Search code examples
unicodeutf-8greplocalenon-ascii-characters

(e)grep: accented characters not recognised as part of a word


I would like to use (e)grep to match a whole word using the -w switch. I've set the locale, but accented characters are being treated as word boundaries as in this example:

$ locale
LANG=es_VE.utf8
LC_CTYPE="es_VE.utf8"
LC_NUMERIC="es_VE.utf8"
LC_TIME="es_VE.utf8"
LC_COLLATE="es_VE.utf8"
LC_MONETARY="es_VE.utf8"
LC_MESSAGES="es_VE.utf8"
LC_ALL=es_VE.utf8

$ echo -e "cáñamo\namo" | egrep -w amo
cáñamo
amo

How can I find amo while ignoring cáñamo


Solution

  • Which code points count as a word-class character is not locale-dependent in Unicode, and LATIN SMALL LETTER N WITH TILDE is always a word character.

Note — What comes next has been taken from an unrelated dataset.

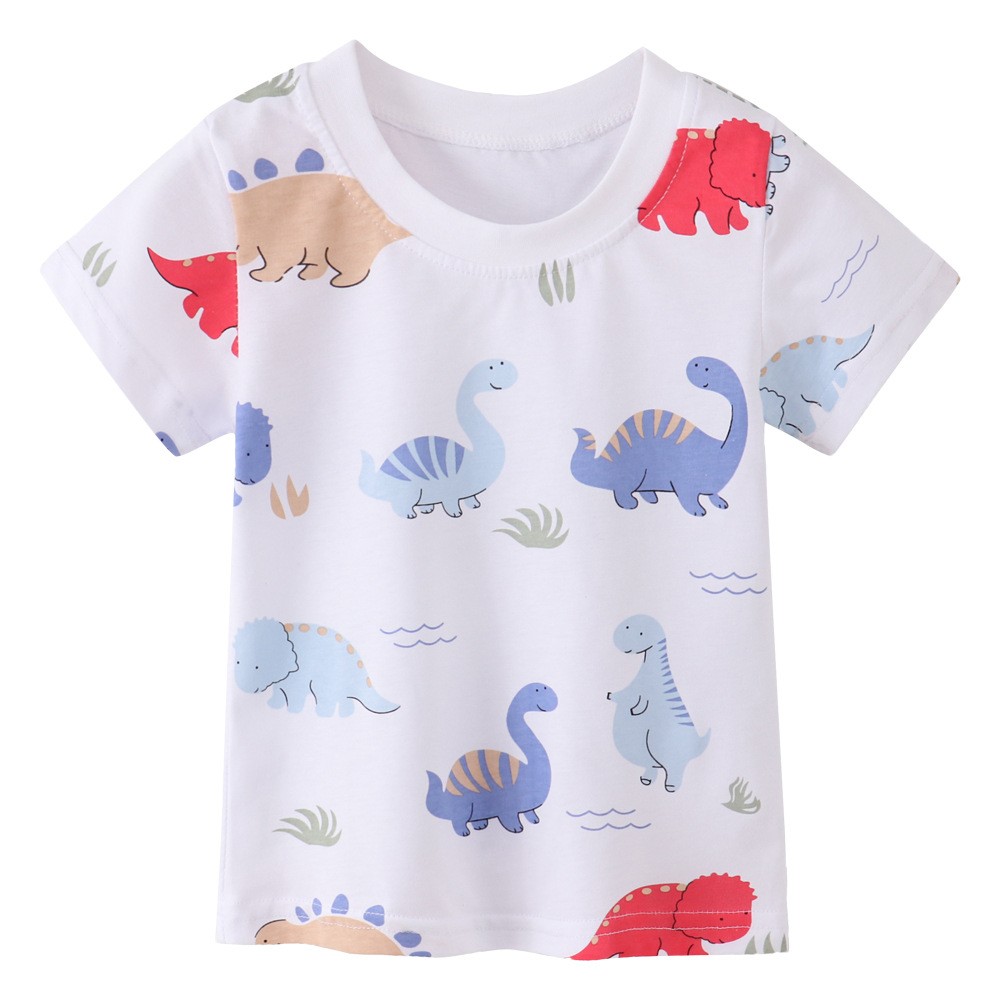 Jumping Meter Kids T-Shirt Cartoon Dinosaur Knitted Cotton Casual Breathable Short Sleeve Sports Tops Bottoming Shirt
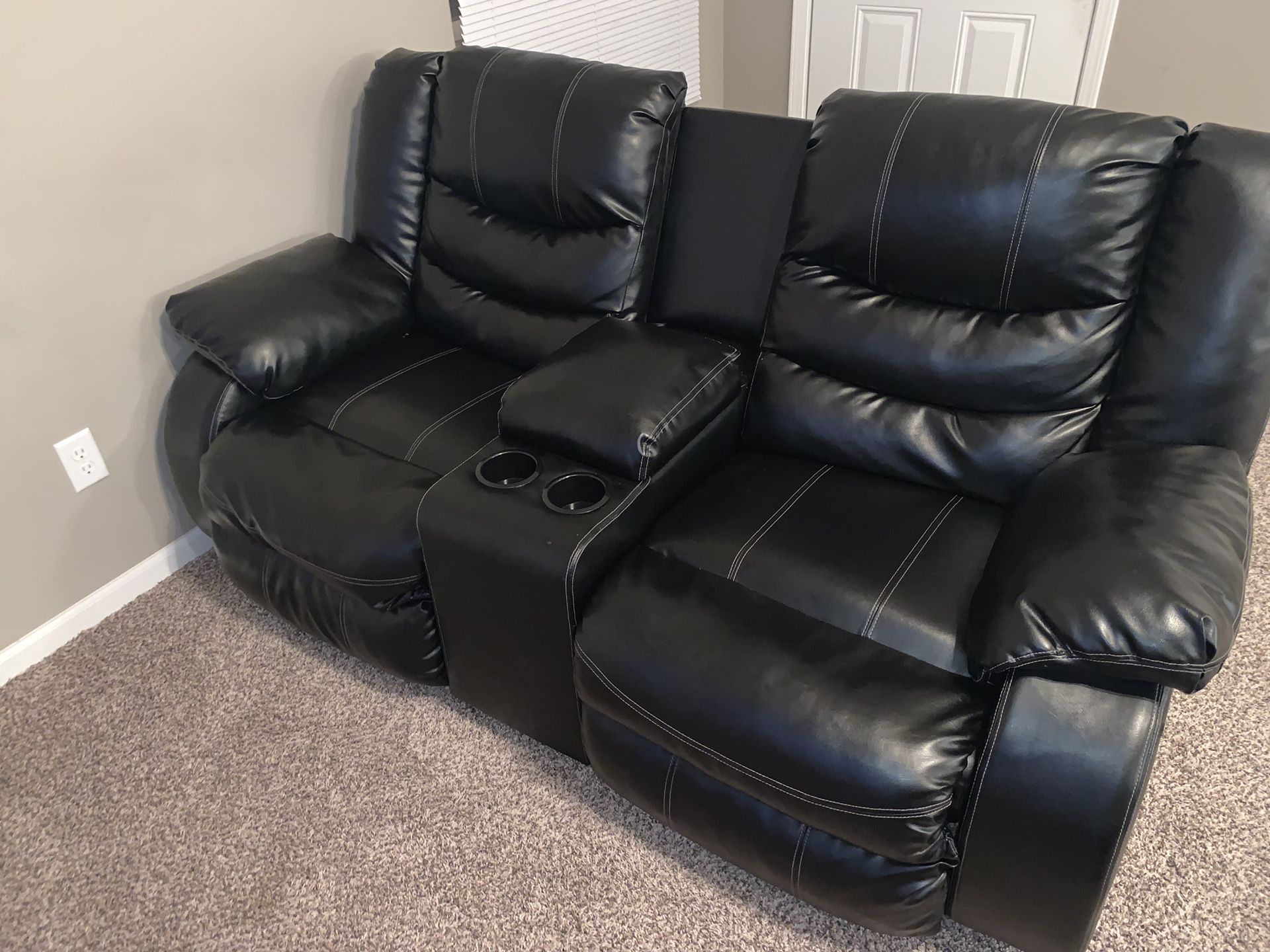 Black Leather Love Seat & Sofa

    Here’s an all-UTF8 workflow demonstrating searching for amo after a word boundary, and after a non-(word-boundary):

     $ perl -Mutf8 -CSDA  -e 'print "cáñamo\namo\n"' | 
       perl -Mutf8 -CSDA -ne 'print if /\bamo\b/'
     amo
    
     $ perl -Mutf8 -CSDA  -e 'print "cáñamo\namo\n"' | 
       perl -Mutf8 -CSDA -ne 'print if /\Bamo\b/'
     cáñamo
    

    I cannot help but be amused by your choice of search strings. Thanks for the chuckle.